▶ [Try it] Output, word for word, every line from the line with "of emotions a" through the final line of the data below.
BEGIN
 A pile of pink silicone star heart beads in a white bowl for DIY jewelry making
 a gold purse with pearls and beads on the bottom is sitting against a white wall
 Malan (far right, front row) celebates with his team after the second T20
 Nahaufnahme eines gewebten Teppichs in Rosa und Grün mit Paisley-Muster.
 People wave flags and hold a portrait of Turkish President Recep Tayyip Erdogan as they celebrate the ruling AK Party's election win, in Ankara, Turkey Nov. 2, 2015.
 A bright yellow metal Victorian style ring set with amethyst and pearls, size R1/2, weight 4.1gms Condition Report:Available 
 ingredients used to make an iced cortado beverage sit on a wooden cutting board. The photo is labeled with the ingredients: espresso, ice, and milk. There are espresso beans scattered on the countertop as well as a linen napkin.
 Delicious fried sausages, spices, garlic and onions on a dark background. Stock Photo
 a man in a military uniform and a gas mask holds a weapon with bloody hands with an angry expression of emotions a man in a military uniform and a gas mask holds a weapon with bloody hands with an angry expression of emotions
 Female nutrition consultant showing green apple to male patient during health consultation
END
▶ [Written response]
 a man in a military uniform and a gas mask holds a weapon with bloody hands with an angry expression of emotions a man in a military uniform and a gas mask holds a weapon with bloody hands with an angry expression of emotions
 Female nutrition consultant showing green apple to male patient during health consultation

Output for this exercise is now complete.